____ SUPPLIED MATERIAL

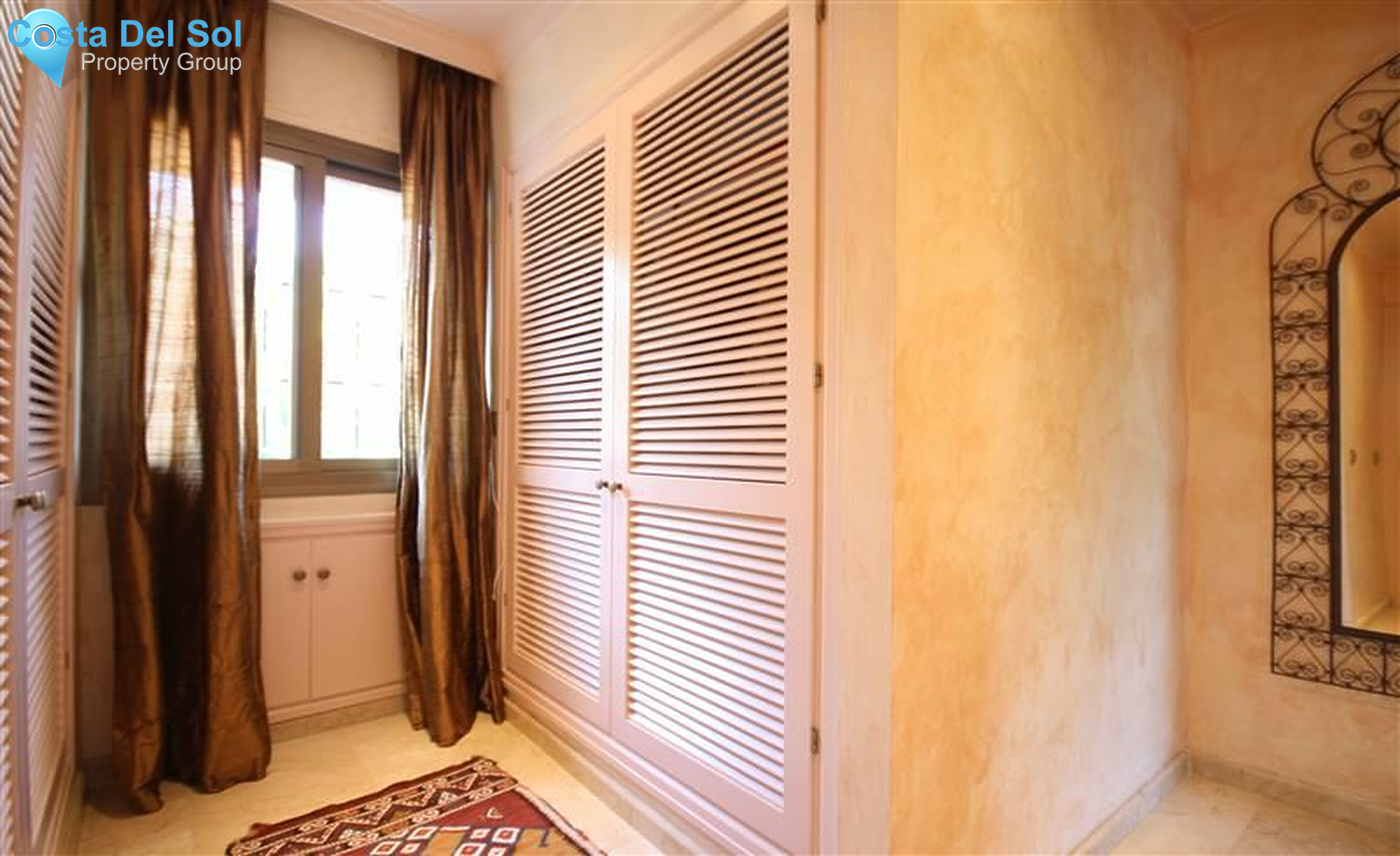 Detached Villa in Los Monteros-1172981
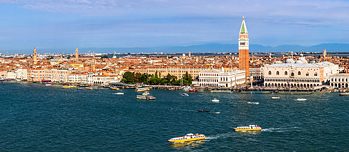 Beneško staro mesto, ki leži ob laguni, je del Unescove svetovne kulturne dediščine in je zelo priljubljen turistični cilj, toda mestu turizem povzroča težave. 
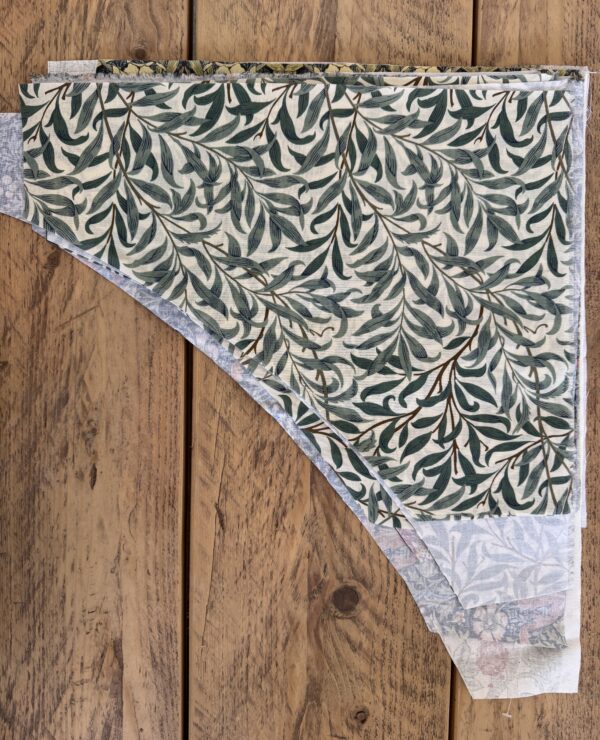 William Morris Patchwork Fabric Bundle – Triangle Pieces bundle F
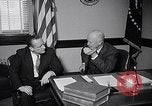 Standbild Dwight Eisenhower Treffen mit William Knowland United States USA, 1953, aus Sekunde 13 historischem Filmmaterial Videoclip 65675041444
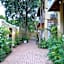 Madeline Grove Bed & Breakfast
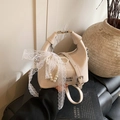 Schicke cremefarbene Umhängetasche mit zarten Spitzenschleifen und Perlenkettendetail - Beige Mit Anhänger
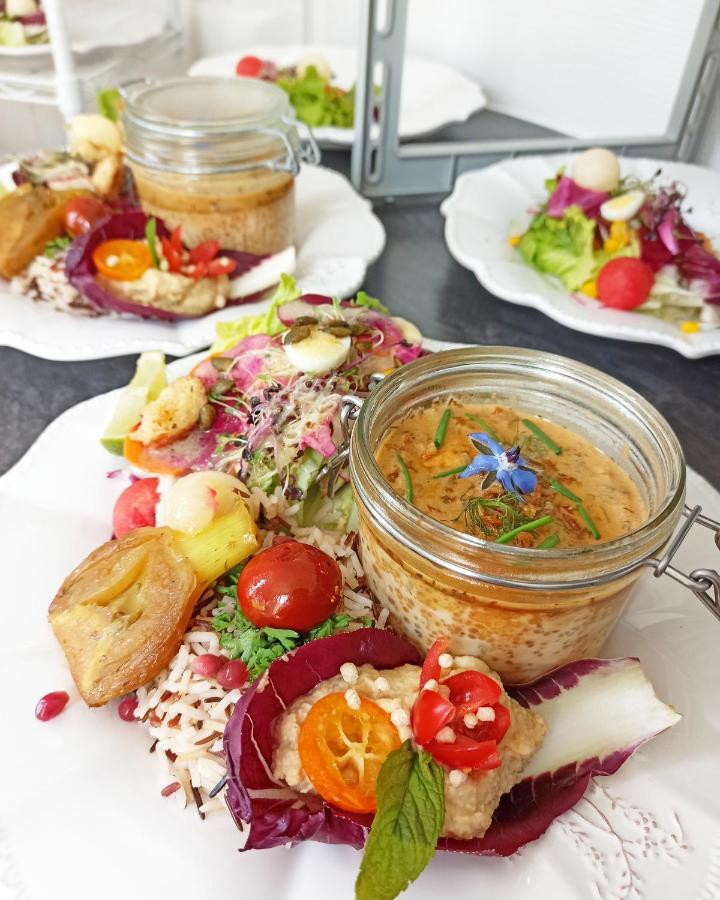 Le Petit Manoir Bed & Breakfast Evaux-les-Bains Bagian luar foto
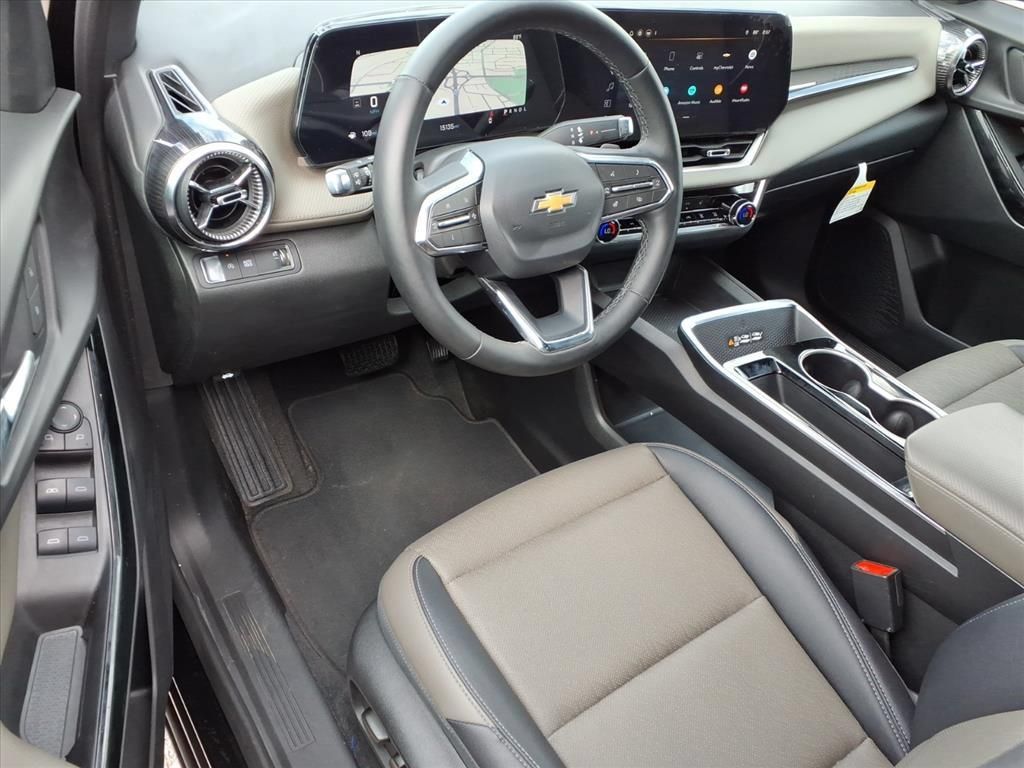 Used 2025 Chevrolet Equinox LT w/ Convenience Package II FWD image 17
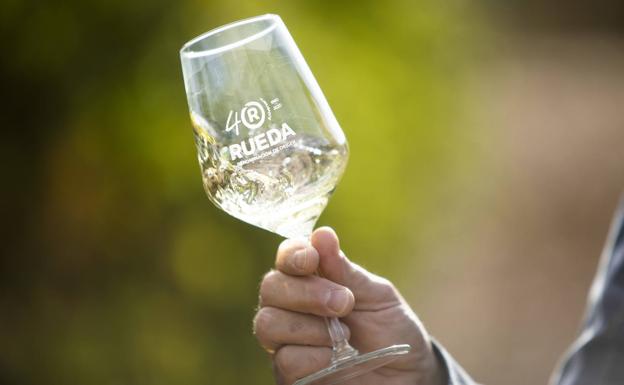 La verdejo de Rueda: «La joya del vino blanco» para la revista alemana 'Meininger Weinwirtschaft'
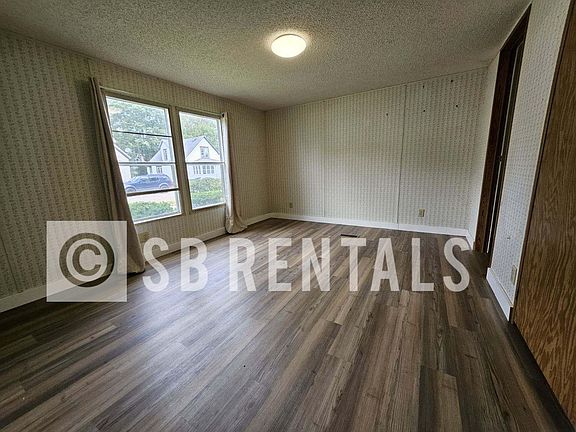 3rd image of 715 W Hubbard Ave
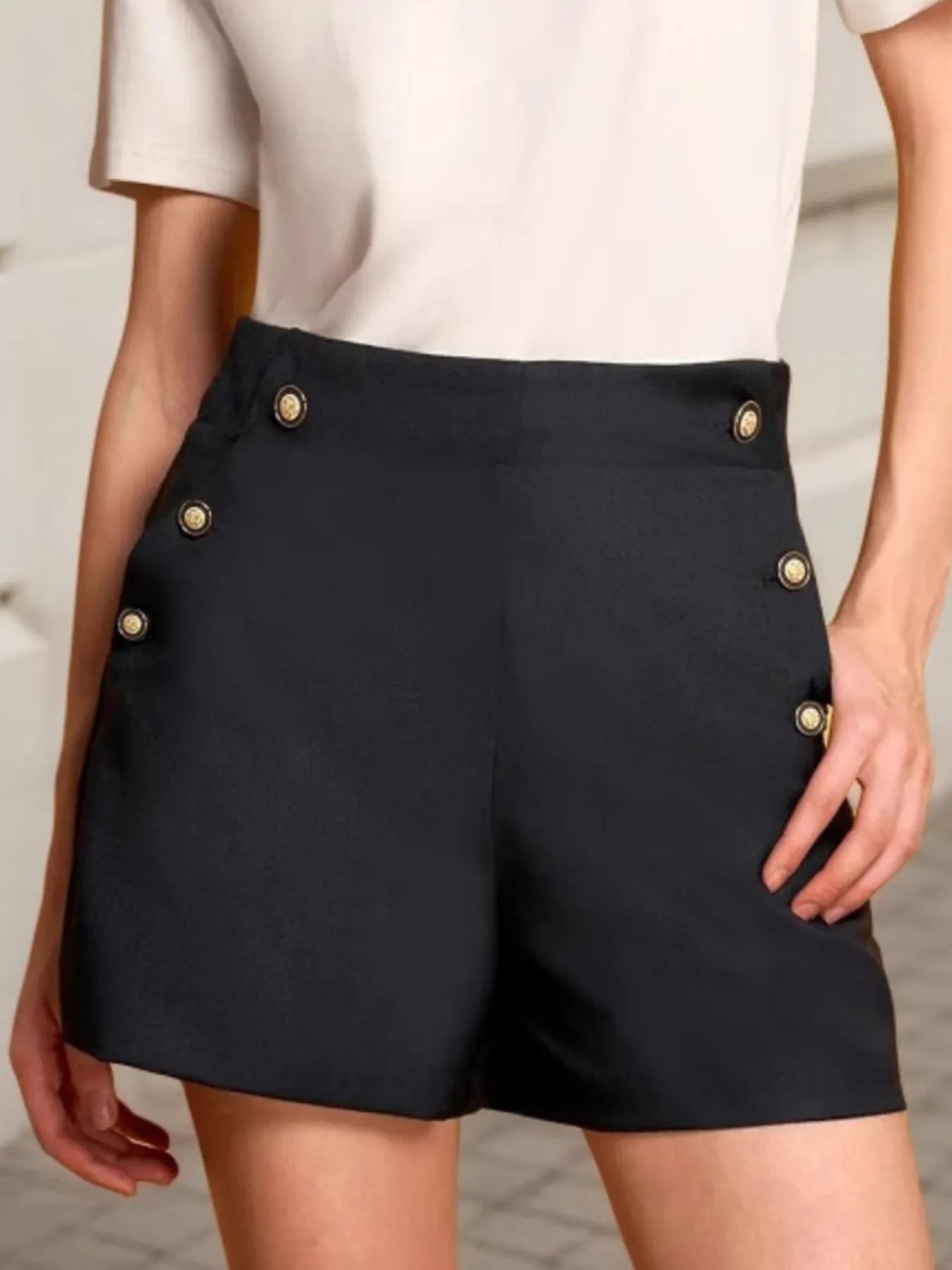 High-waisted shorts elegantly designed for comfort and style, perfect for modern casual wear.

________

■ PROBLEM STATEMENT
Print exactly, with no pictures, the lines above from the one that holds "Beneško staro mesto, ki" through the one that holds "Le Petit Manoir", both of them included.

■ ANSWER BELOW
 Beneško staro mesto, ki leži ob laguni, je del Unescove svetovne kulturne dediščine in je zelo priljubljen turistični cilj, toda mestu turizem povzroča težave. 
 William Morris Patchwork Fabric Bundle – Triangle Pieces bundle F
 Standbild Dwight Eisenhower Treffen mit William Knowland United States USA, 1953, aus Sekunde 13 historischem Filmmaterial Videoclip 65675041444
 Madeline Grove Bed & Breakfast
 Schicke cremefarbene Umhängetasche mit zarten Spitzenschleifen und Perlenkettendetail - Beige Mit Anhänger
 Le Petit Manoir Bed & Breakfast Evaux-les-Bains Bagian luar foto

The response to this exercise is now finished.